TO DO - For the data that follows, return each line unchanged and drop the pictures.

SOURCE RECORDS -
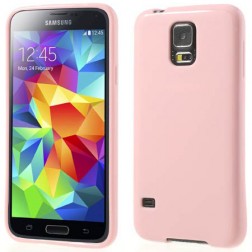 „Jelly Case“ dėklas - rožinis (Galaxy S5 / S5 Neo)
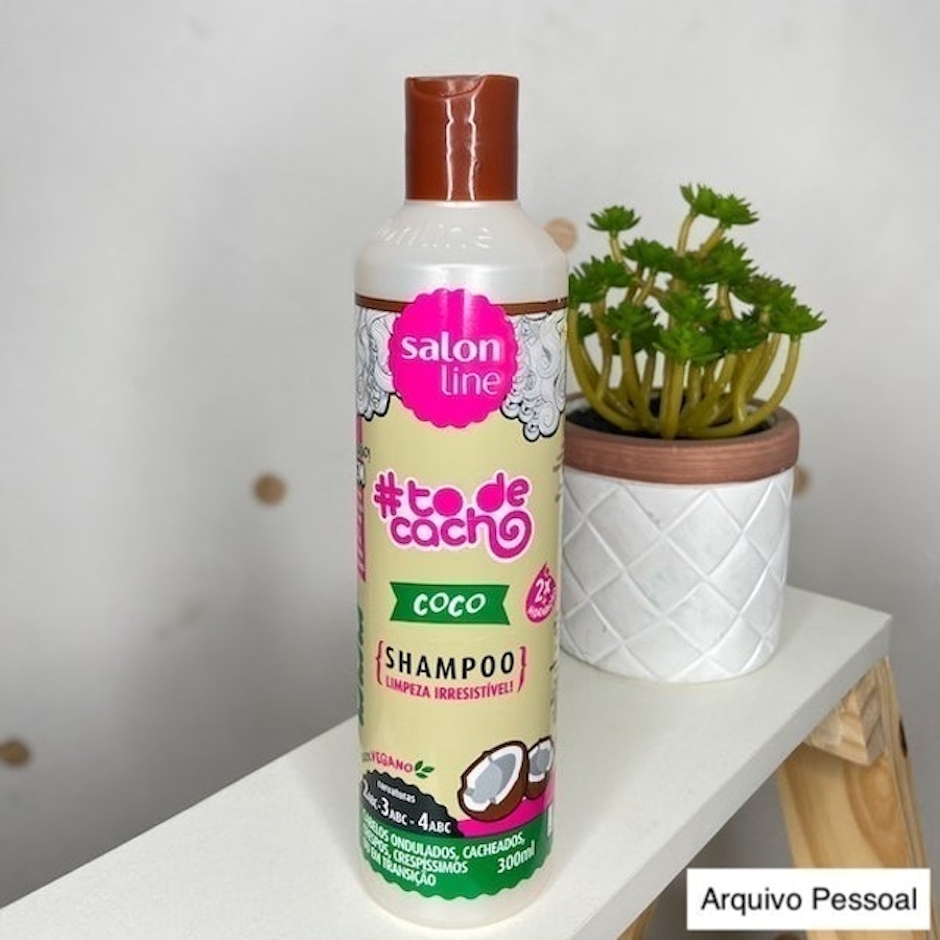SALON LINE Shampoo #todecacho Coco Translation missing: pt-BR.activerecord.decorators.item_part_image/alt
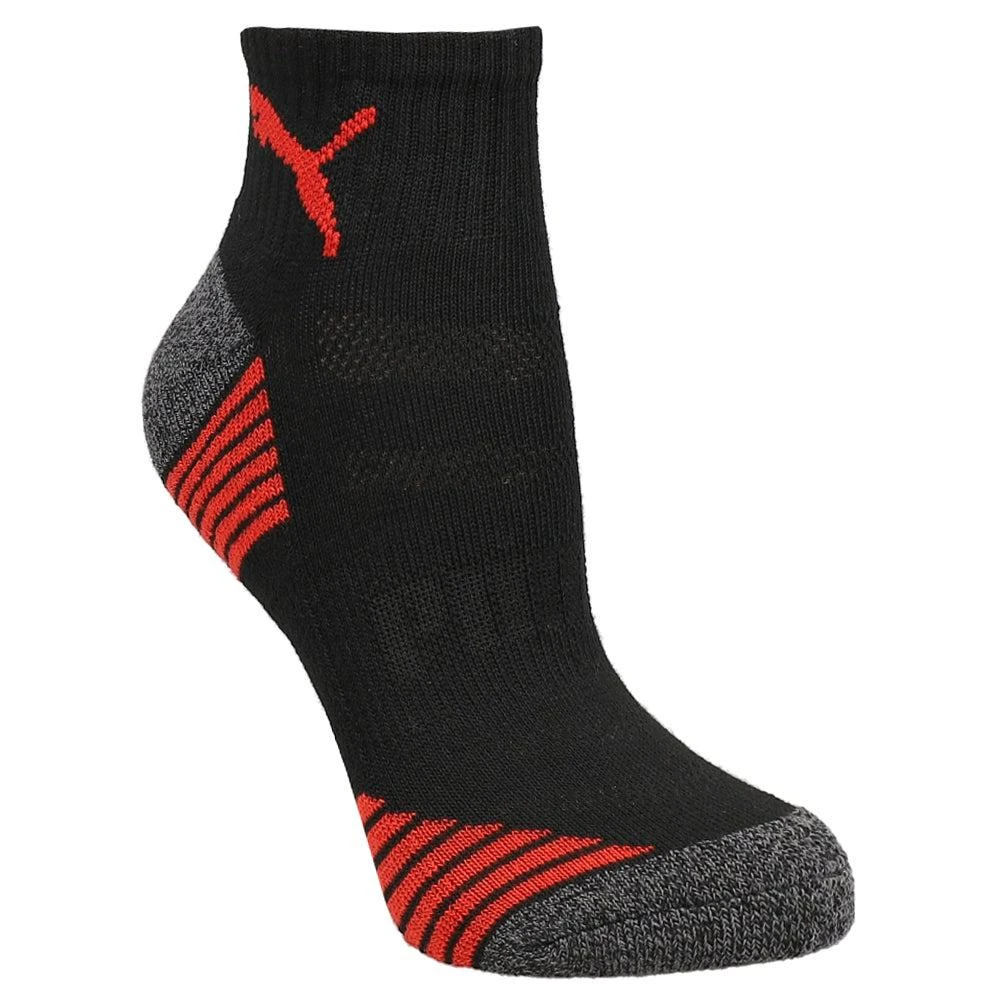 Puma Half Terry 6 Pack Quarter Socks (Youth) 2
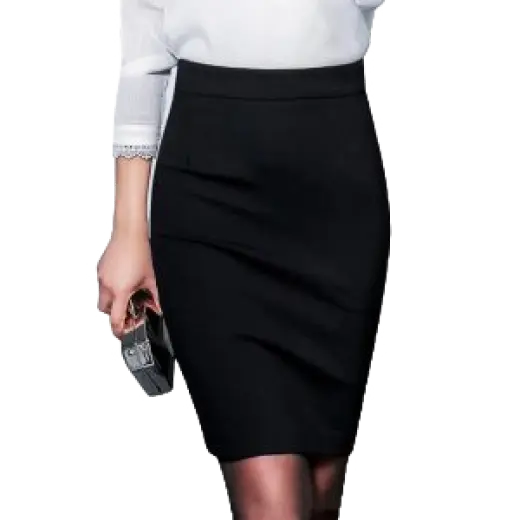 Faldas para uniformes administrativos al por mayor
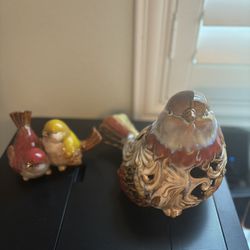 Beautiful Ceramic Birds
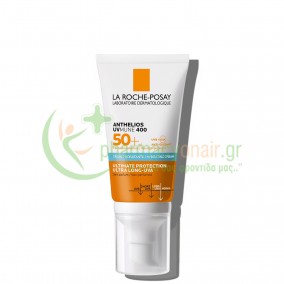 LA ROCHE POSAY - Anthelios UVMune 400 Non-Perfumed Hydrating Cream SPF50+ 50mL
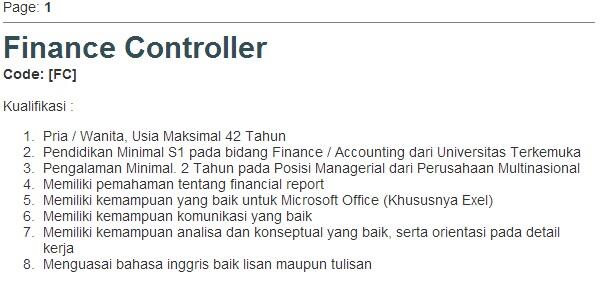 LOKER SCTV 2014 (NEW)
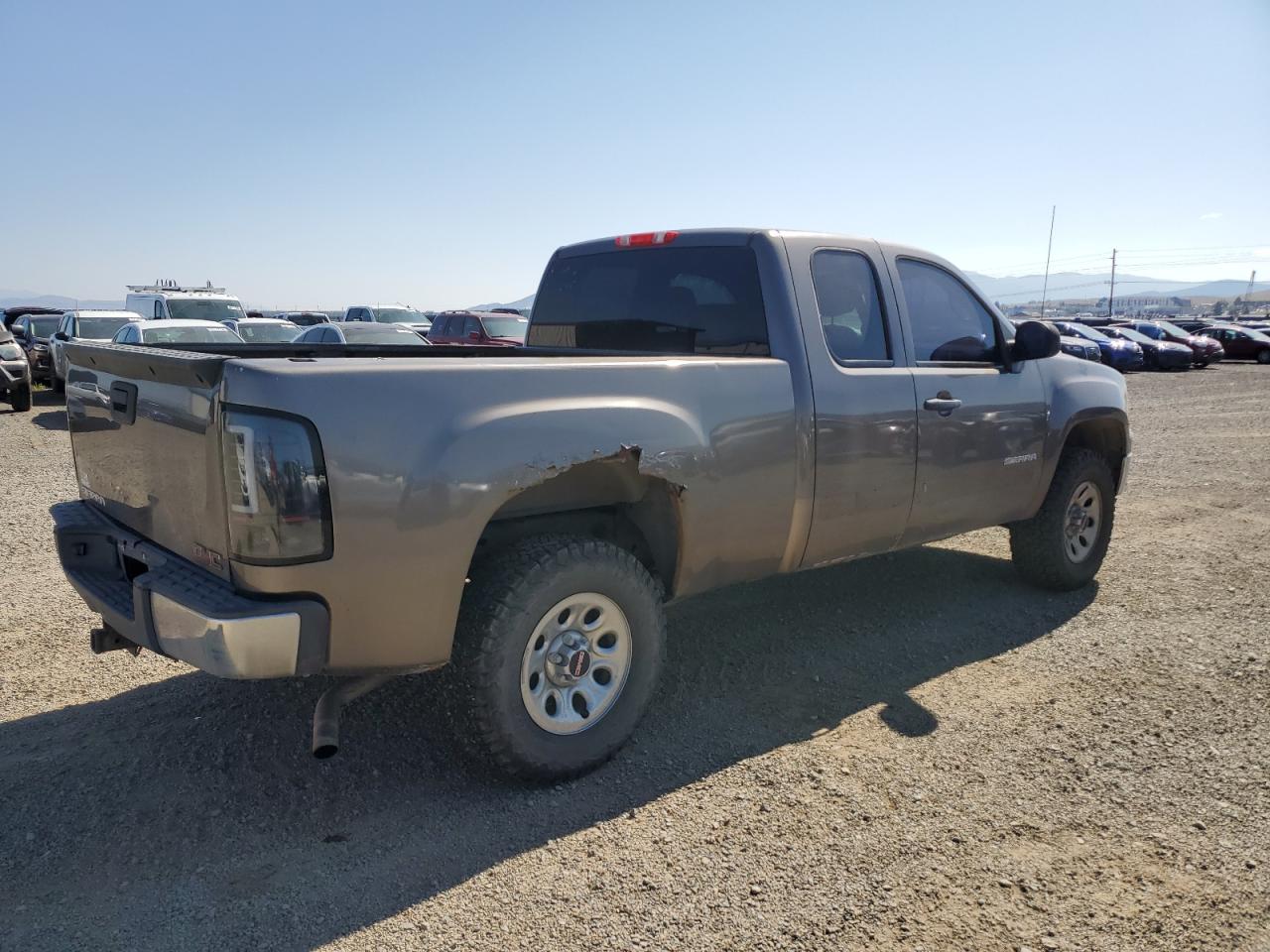 GMC SIERRA 1500 K1500 SL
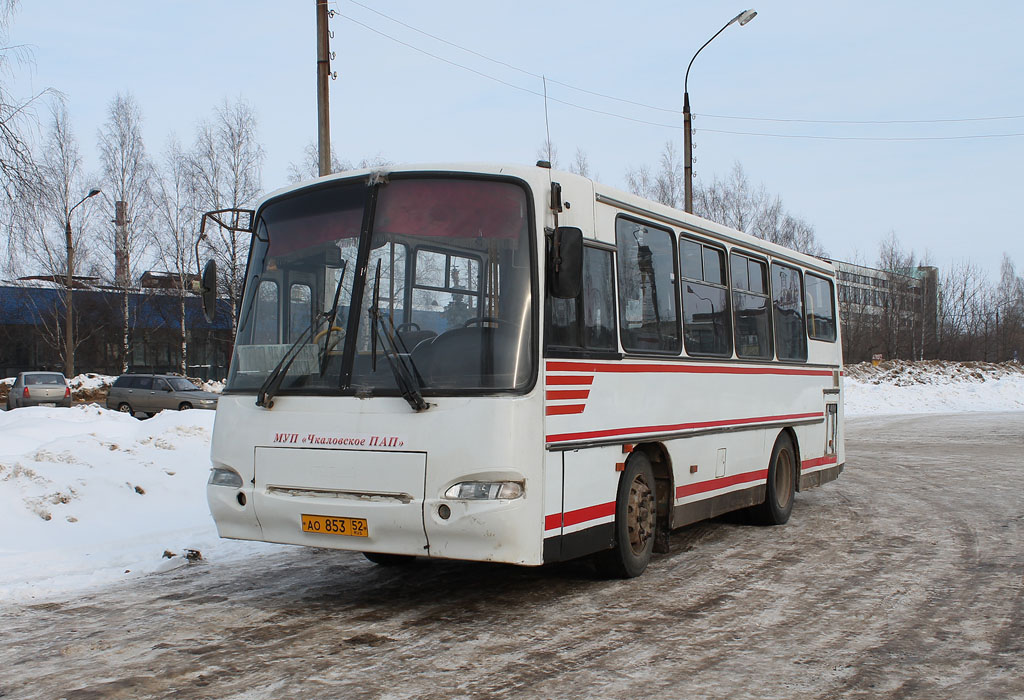 Нижегородская область, ПАЗ-4230-03 № АО 853 52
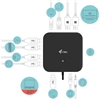 I-TEC USB-C Dual Display Docking Station with Power Delivery and Universal Charger C31DUALDPDOCKPD100W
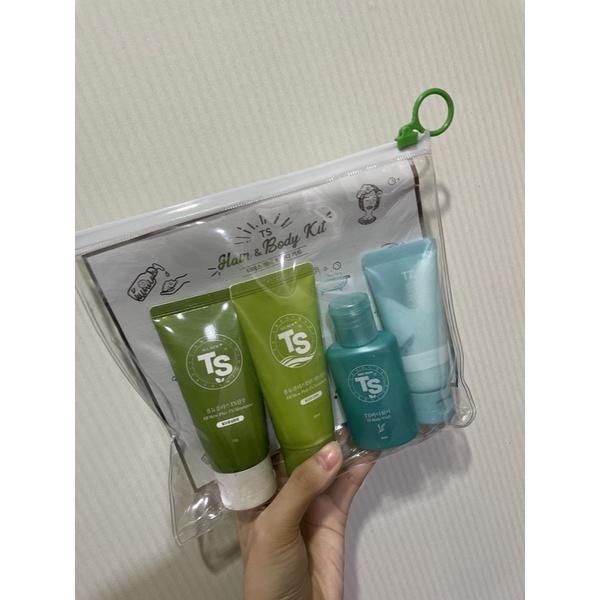 TS旅行組 GD代言 韓國洗髮 沐浴用品 TS洗髮精-細節圖2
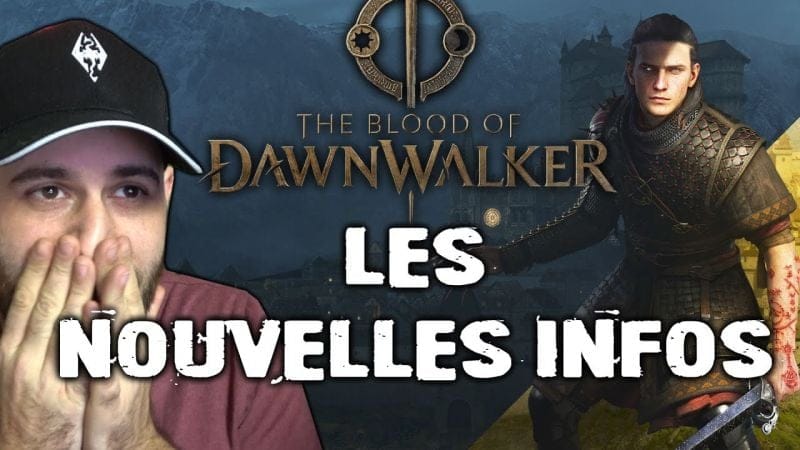 C'est génial 🔥 The Blood of Dawnwalker 🧛 Romance, choix, conséquences, jour/nuit… Nouvelles infos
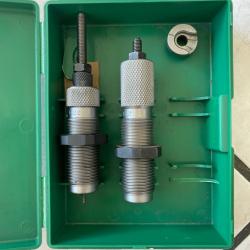 Jeu d'outils rcbs 308w +1 Shell holder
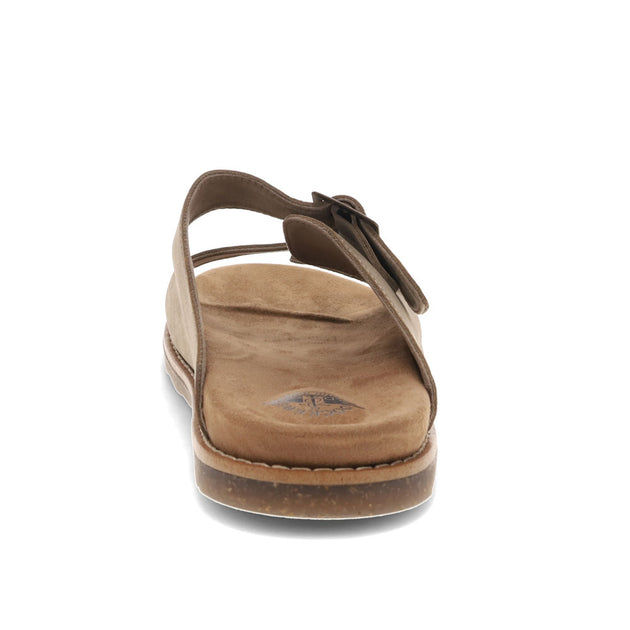 Dockers Benham Slip On Sandal Brown 11 4
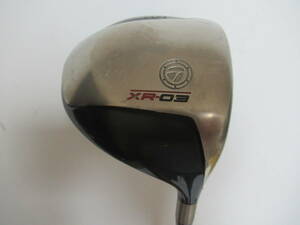 ★TaylorMade テーラーメイド XR-03 ドライバー 1w 8.5° 純正カーボンシャフト SR F513★レア★激安★中古★　★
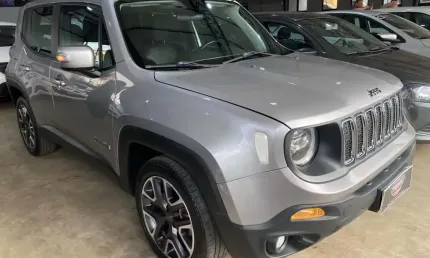 Jeep renegade 1.8 longitude automático 2021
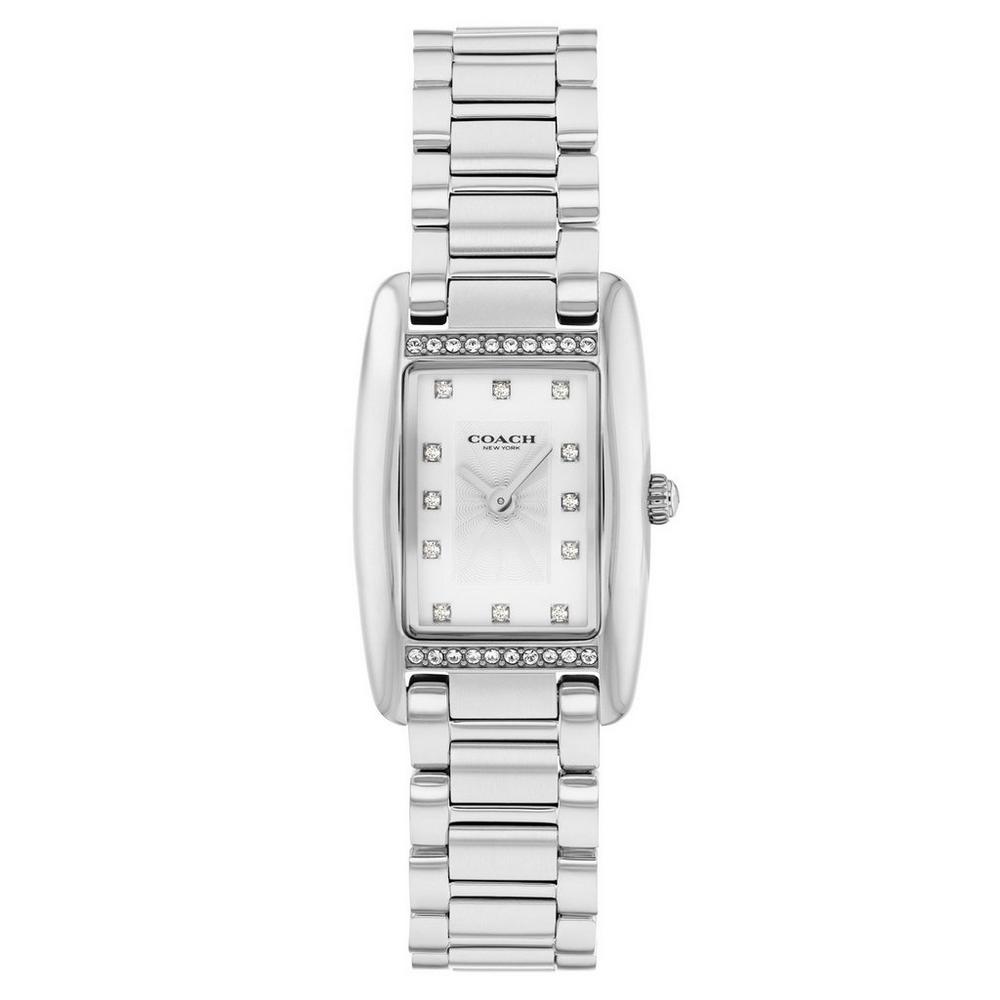 Reese 30mm Stainless Steel Crystal Quartz Watch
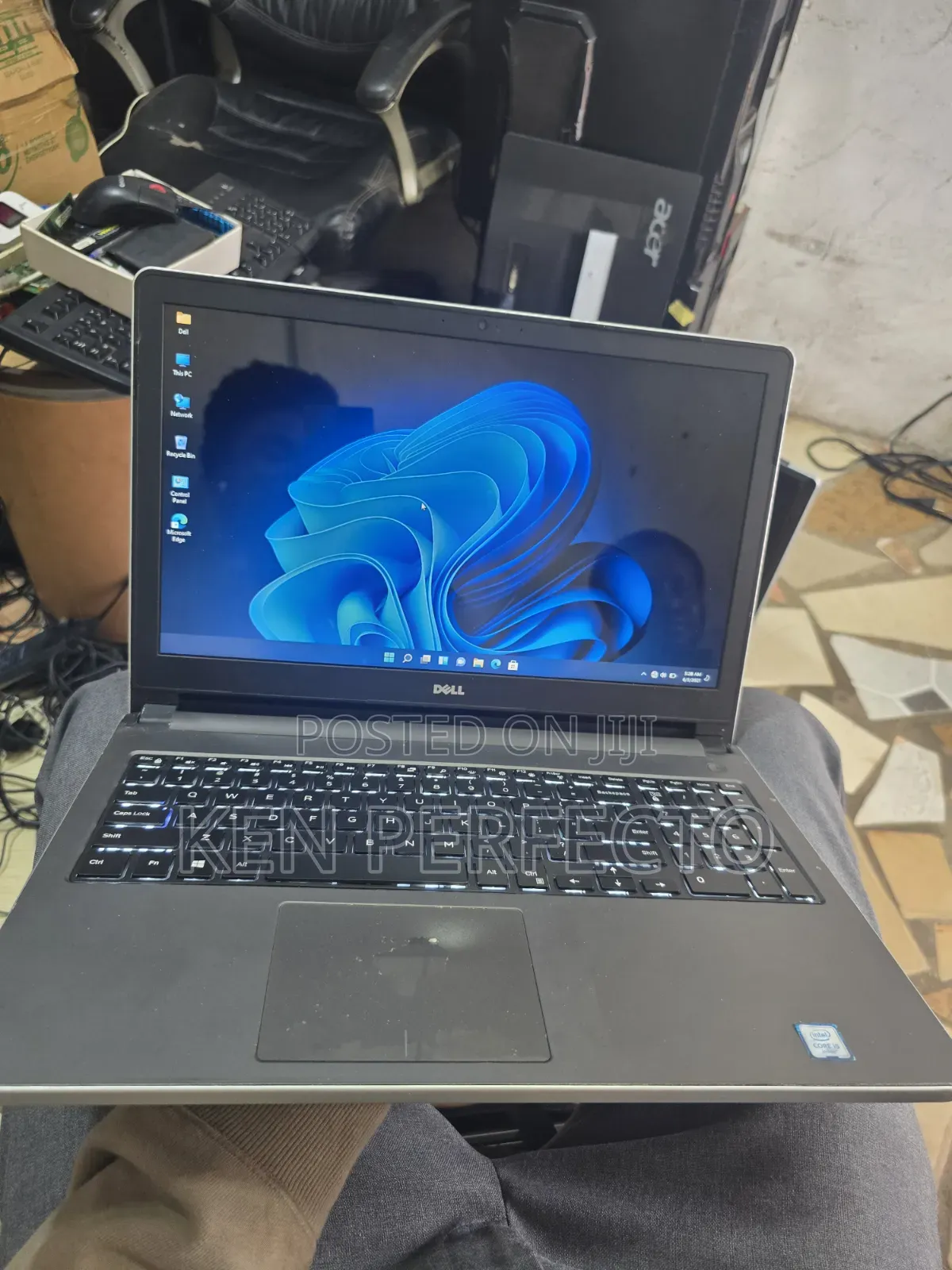 Laptop Dell Latitude 7480 8GB Intel Core i5 HDD 1T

SOLVED EXERCISE -
 „Jelly Case“ dėklas - rožinis (Galaxy S5 / S5 Neo)
SALON LINE Shampoo #todecacho Coco Translation missing: pt-BR.activerecord.decorators.item_part_image/alt
 Puma Half Terry 6 Pack Quarter Socks (Youth) 2
 Faldas para uniformes administrativos al por mayor
 Beautiful Ceramic Birds
 LA ROCHE POSAY - Anthelios UVMune 400 Non-Perfumed Hydrating Cream SPF50+ 50mL
 LOKER SCTV 2014 (NEW)
 GMC SIERRA 1500 K1500 SL
 Нижегородская область, ПАЗ-4230-03 № АО 853 52
 I-TEC USB-C Dual Display Docking Station with Power Delivery and Universal Charger C31DUALDPDOCKPD100W
 TS旅行組 GD代言 韓國洗髮 沐浴用品 TS洗髮精-細節圖2
 C'est génial 🔥 The Blood of Dawnwalker 🧛 Romance, choix, conséquences, jour/nuit… Nouvelles infos
 Jeu d'outils rcbs 308w +1 Shell holder
 Dockers Benham Slip On Sandal Brown 11 4
 ★TaylorMade テーラーメイド XR-03 ドライバー 1w 8.5° 純正カーボンシャフト SR F513★レア★激安★中古★　★
 Jeep renegade 1.8 longitude automático 2021
 Reese 30mm Stainless Steel Crystal Quartz Watch
 Laptop Dell Latitude 7480 8GB Intel Core i5 HDD 1T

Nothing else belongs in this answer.